De acordo com o presidente da entidade, José Lacerda Sobrinho, há alguns meses vem recebendo reclamações de trabalhadores da obra, de que a empresa está pagando os salários em atraso, inclusive a primeira parcela do 13º salário – como determina o Ministério Público – não foi pago, entre outras irregularidades trabalhistas. “Estive hoje no local e a empresa nos informou que colocou os trabalhadores em recesso, pois está enfrentando dificuldades financeiras e tenta um aditivo junto à Petrobras para o contrato estabelecido para terraplenagem”, explica.

Os empresários disseram também ao sindicalista que os trabalhadores ficariam em recesso até que o aditivo fosse formalizado com a Petrobras. A previsão é que o serviço retome até quarta-feira da semana que vem. “Mas nos garantiram que não haverá perdas salariais a estes trabalhadores por causa do período em que estão de recesso, e a empresa nos informou que será feito um empréstimo bancário para quitar as dívidas e com aditivo será possível retomar as obras o mais rápido possível”, afirma José Lacerda. Ele ressalta também que o sindicato entende que a Petrobras também deve se responsabilizar pela situação da empresa e dos trabalhadores.

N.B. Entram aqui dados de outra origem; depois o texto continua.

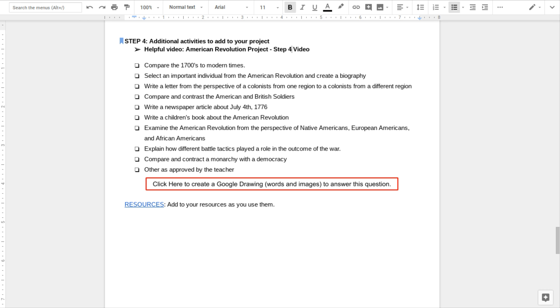You could compare and contrast two different types of government, for example, a monarchy versus a democracy. And as always, if you get an idea and you want to go with it, please talk to the teacher before you get too far.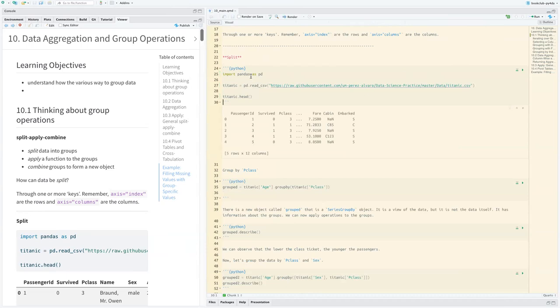Does anyone know the command for running the whole chunk instead of line by line? Why didn't you guys just hit the play button?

Ainda na semana que vem será realizada uma reunião com os trabalhadores para ouvir as reivindicações e a real situação que estão vivenciando. A partir disto será levada a demanda para a Egesa, e José Lacerda não descarta a possibilidade de serem realizadas manifestações e ainda e de acionar a Justiça. Entretanto, ele esclarece que essa não é a intenção, e sim resolver o impasse.

A equipe de reportagem do Jornal da Manhã procurou representantes da Egesa, entretanto, até o fechamento desta edição, as ligações não foram atendidas.